> **DESCRIPTION OF THE TASK**
Output the entries below unchanged, except for the pictures.
== Segment start ==
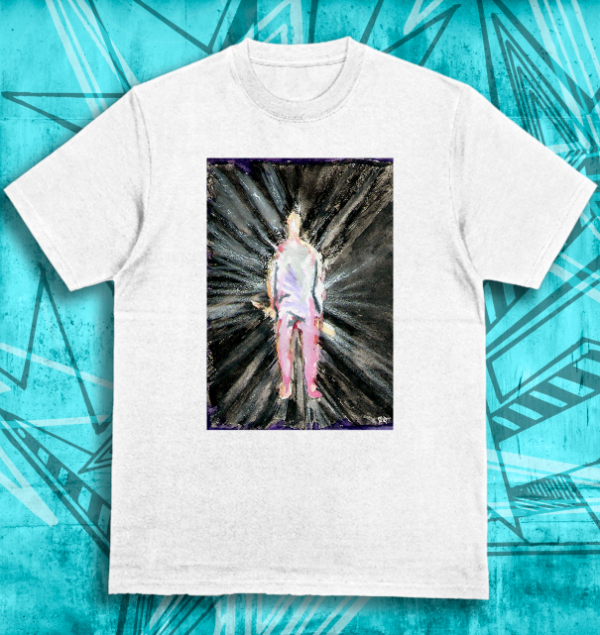 Producto - Remera El eternauta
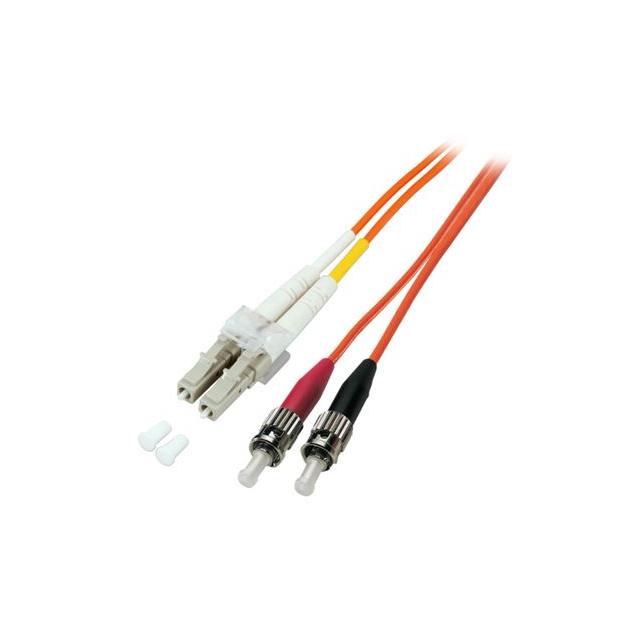 Patchcord MM LC-ST OM2 dx 3m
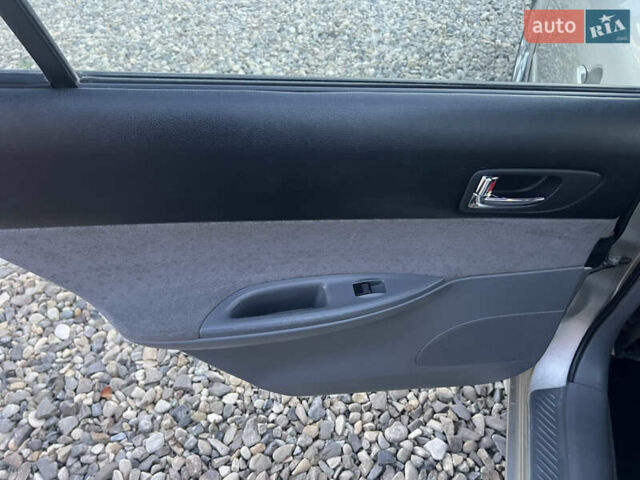 Бежевый Мазда 6, объемом двигателя 2 л и пробегом 206 тыс. км за 2999 $, фото 22 на Automoto.ua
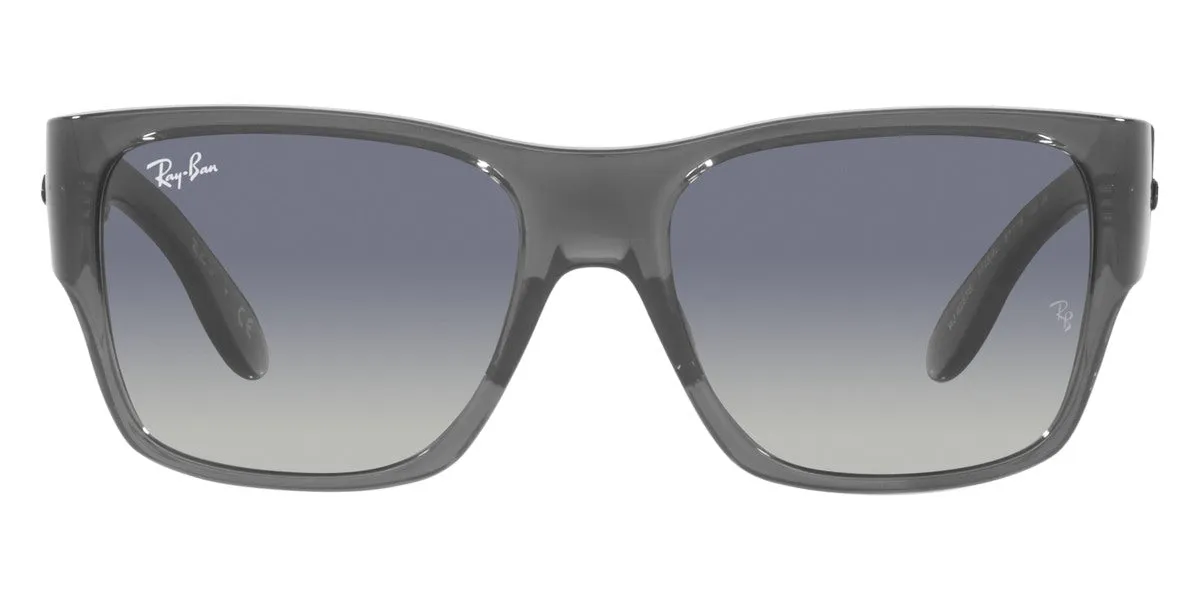 Ray-Ban® Junior Wayfarer Nomad RJ9287S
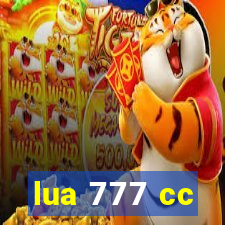 lua 777 cc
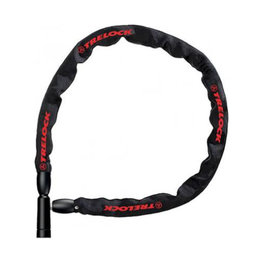 TRELOCK κλειδαριές ποδηλάτου - LOCK BC 115/60/4 - μαύρο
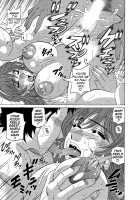 Dear Shitamachi Princess Vol. 2 / Dear.下町プリンセス 第2巻 [Ozaki Akira] [Original] Thumbnail Page 22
== Segment end ==
> **SOLVED EXERCISE**
 Producto - Remera El eternauta
 Patchcord MM LC-ST OM2 dx 3m
 Бежевый Мазда 6, объемом двигателя 2 л и пробегом 206 тыс. км за 2999 $, фото 22 на Automoto.ua
 Ray-Ban® Junior Wayfarer Nomad RJ9287S
 lua 777 cc
 TRELOCK κλειδαριές ποδηλάτου - LOCK BC 115/60/4 - μαύρο
 Dear Shitamachi Princess Vol. 2 / Dear.下町プリンセス 第2巻 [Ozaki Akira] [Original] Thumbnail Page 22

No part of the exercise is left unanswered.